> _INFORMATION SHOWN_:

■ ■ ■

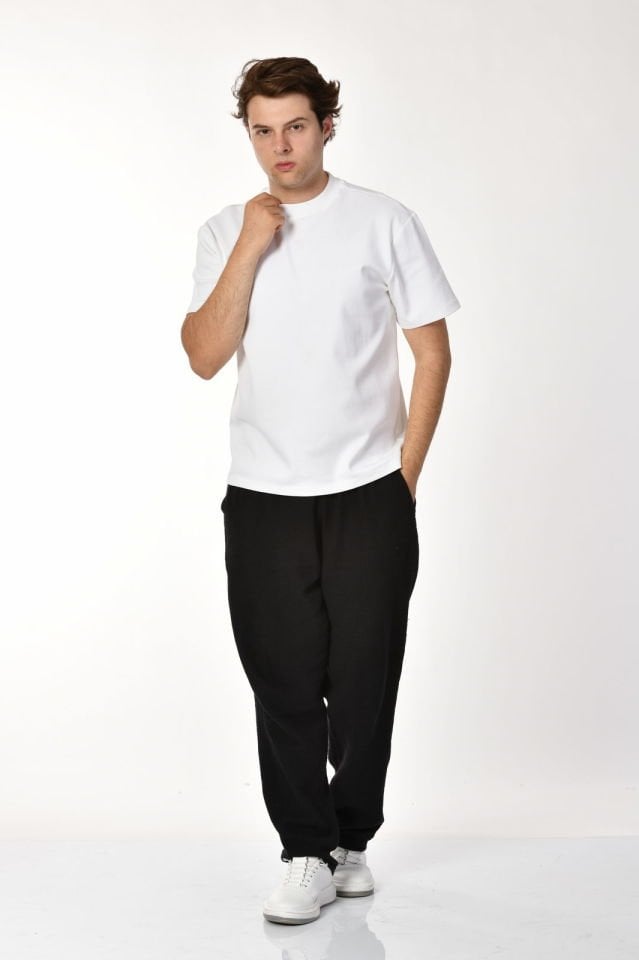 Zegy Bisiklet Yaka Kısa Kollu Erkek Tişört - Beyaz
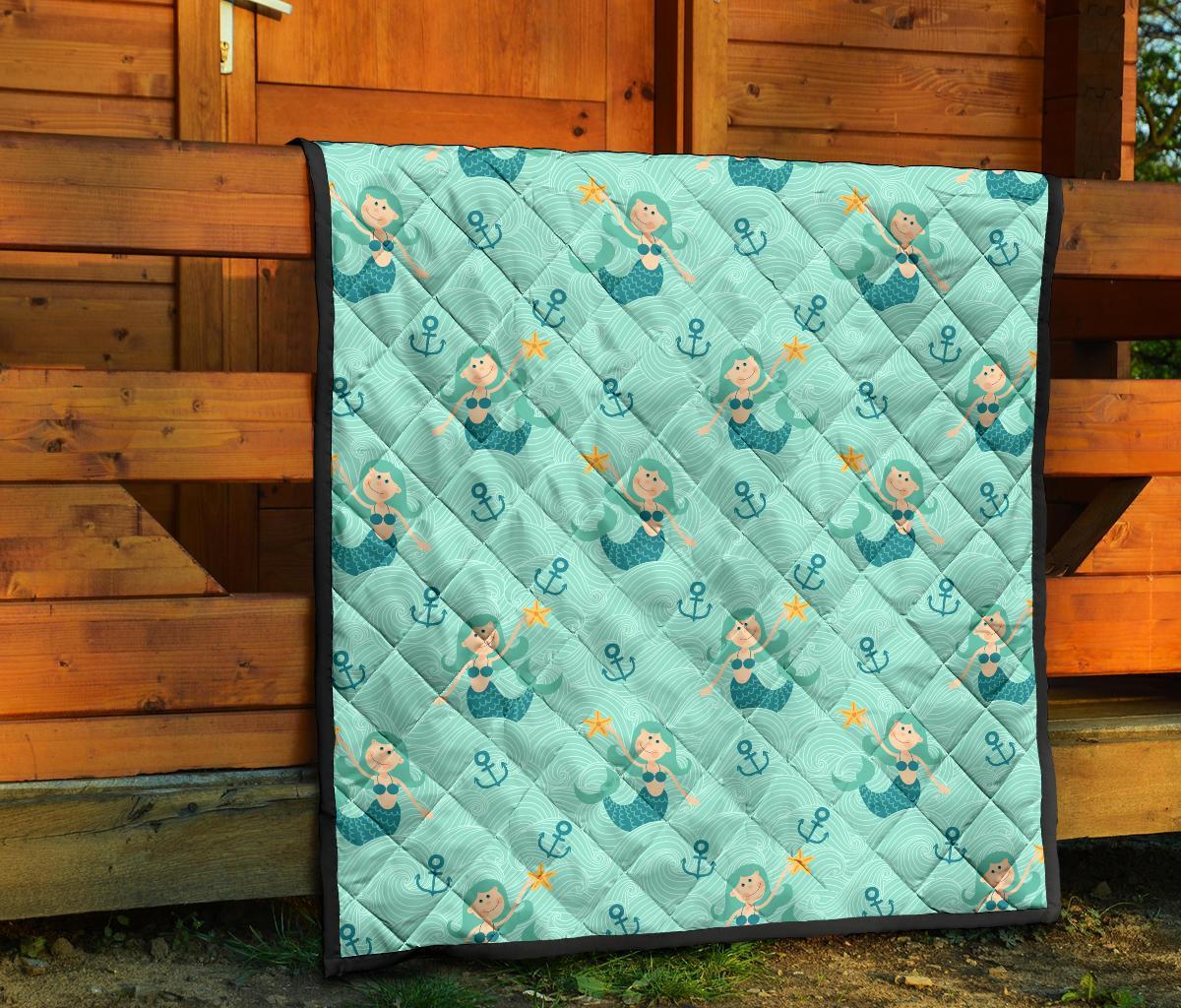 Mermaid Pastel Pattern Print Quilt-grizzshop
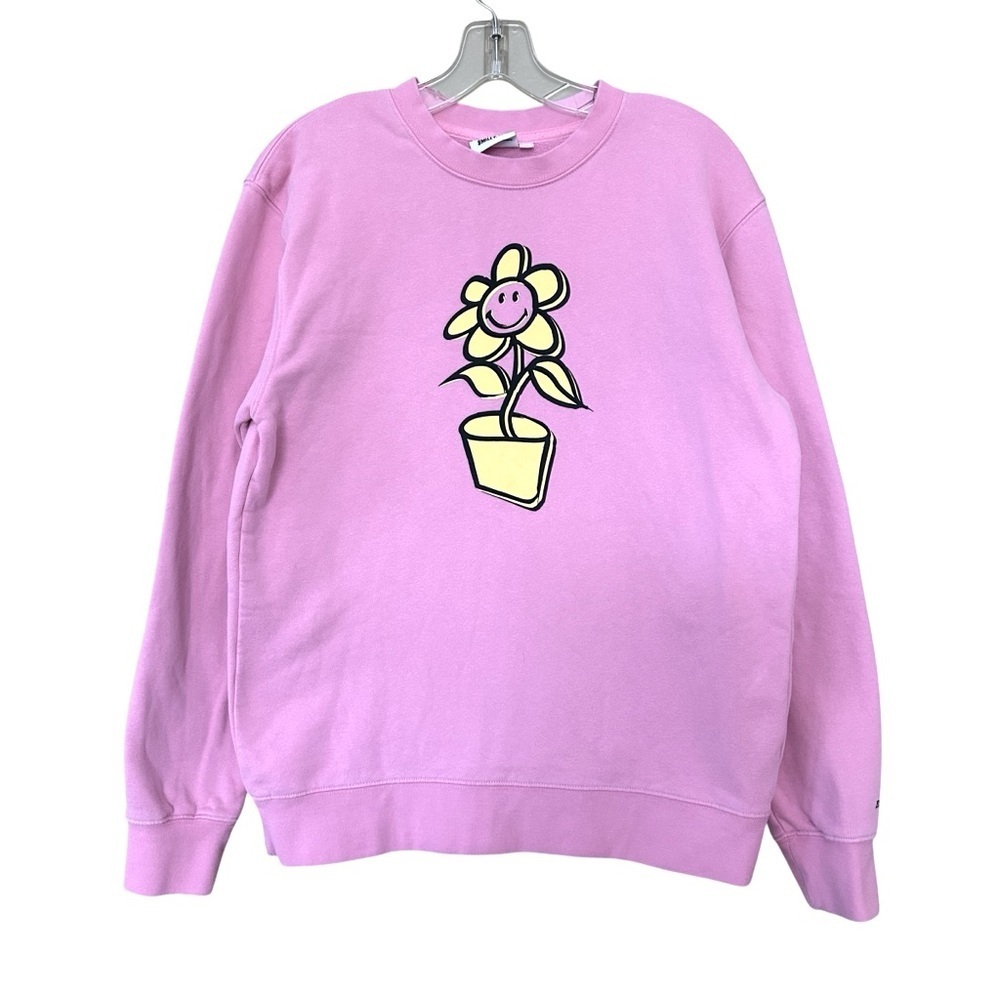SMILEY Pink Growing Smiles Pullover Crewneck Long Sleeve Sweatshirt, Small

■ ■ ■

> _AIM OF THE TASK_: The task requires restating verbatim the lines from the one that holds "Mermaid Pastel Pattern Print Quilt-grizzshop" through the end of the listing, both ends counted, and no pictures.

> _OUTPUT FOR THIS EXERCISE_:
 Mermaid Pastel Pattern Print Quilt-grizzshop
SMILEY Pink Growing Smiles Pullover Crewneck Long Sleeve Sweatshirt, Small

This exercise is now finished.